Turkey's central bank took fresh steps on Tuesday to boost lira deposits, raising the ratio of bonds that banks must hold for foreign exchange deposits and requiring those with less than 50% lira deposits to hold even more bonds from 2023.

The central bank raised the securities maintenance ratio required for foreign exchange (forex) deposits to 5% from 3% of deposits as of this month, and said further steps would be taken this year and next as part of its "liraization strategy".

In 2023, lenders with less than half of deposits in lira will need to hold an additional seven percentage points of bonds, marking the latest regulatory change meant to backstop an unorthodox policy of interest rate cuts amid soaring inflation.

Yields on the treasury's 10-year benchmark bond fell to 11.32% in response, from 13.12% on Monday. The lira was little changed at 18.5890 against the dollar.

Bankers told Reuters the new rules would require lenders to hold an additional 80-100 billion lira ($4.3-5.4 billion) of bonds.

The bankers, requesting anonymity, also said individuals' lira deposits were now 46% of total deposits, while commercial entities lira deposits were 47%. Also from 2023, banks whose lira deposits are between 50-60% of the total must hold an additional two percentage points of bonds beyond the 5% set for this year, the central bank said.

Turks have snapped up dollars in recent years to hedge against one of the deepest currency depreciations in emerging markets, due largely to monetary policy easing and high inflation.

The lira shed 44% versus the dollar last year and has fallen another 29% this year. Inflation was 83% last month.

The central bank has urged forex conversions with a series of rules beginning in December 2021, when a historic currency crisis hit, after which lira deposits rose.

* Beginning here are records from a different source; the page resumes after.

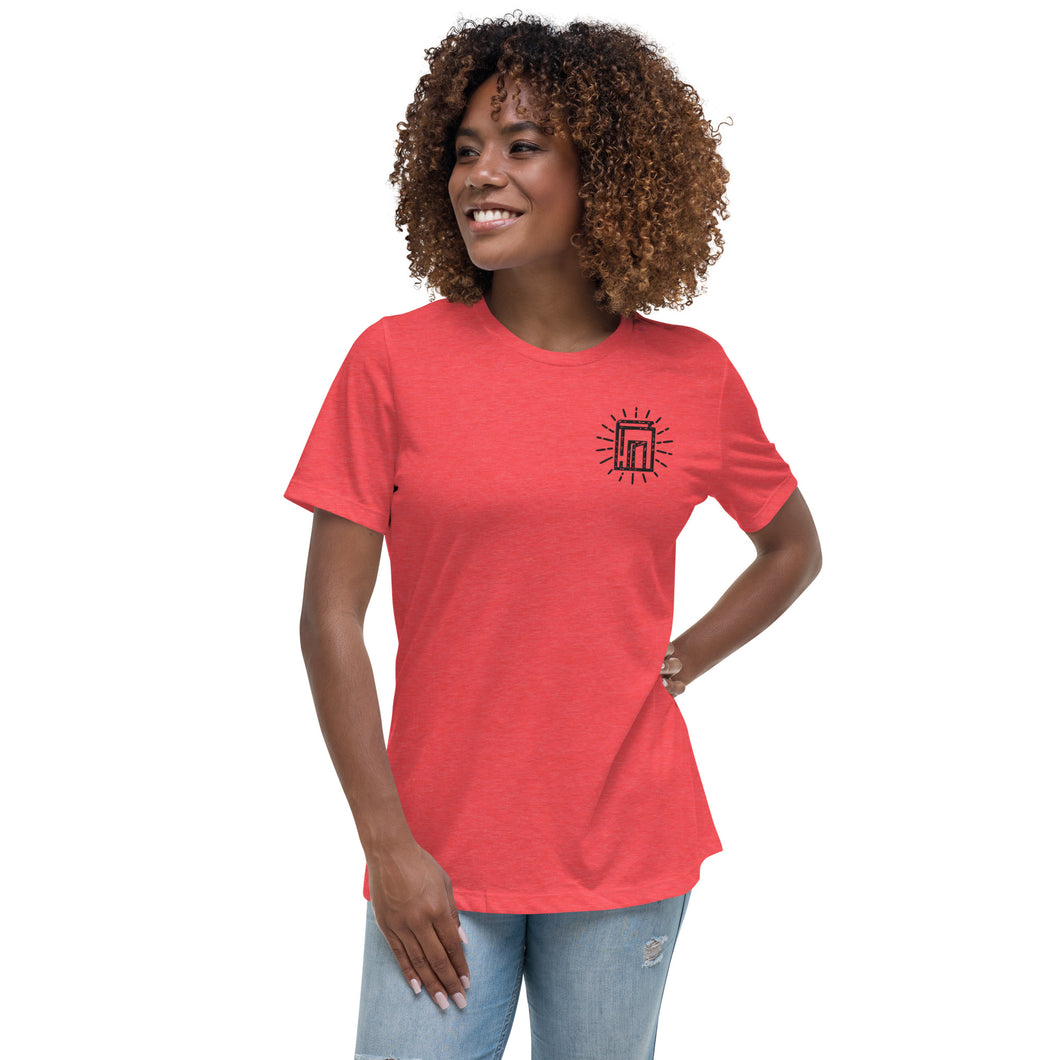 The Valedictorian - Women's Relaxed T-Shirt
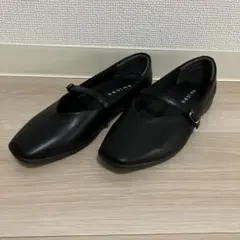 ☆可愛いシューズ☆ペタンコ☆軽量☆柔らか☆安定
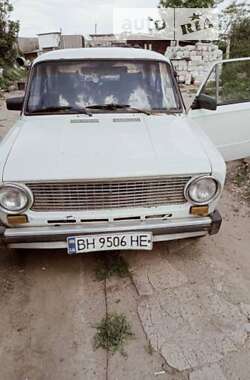 Седан ВАЗ / Lada 2101 1976 в Одесі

"The practice has strengthened banks' balance sheets and supported financial stability," the central bank said.

By the beginning of 2023 the level of securities banks must hold will be based on lira-deposit share targets.

Previously, the central bank required banks to hold an additional 7% of securities if they had a conversion rate from forex to lira of less than 5% of their deposits.

BDDK regulator data shows individuals' forex deposits amounted to 2.69 trillion lira ($144.74 billion) as of Oct. 7, while lira deposits totalled 2.02 billion lira.

In the same period, forex deposits of commercial entities were 1.61 trillion lira while lira deposits were 1.27 trillion lira.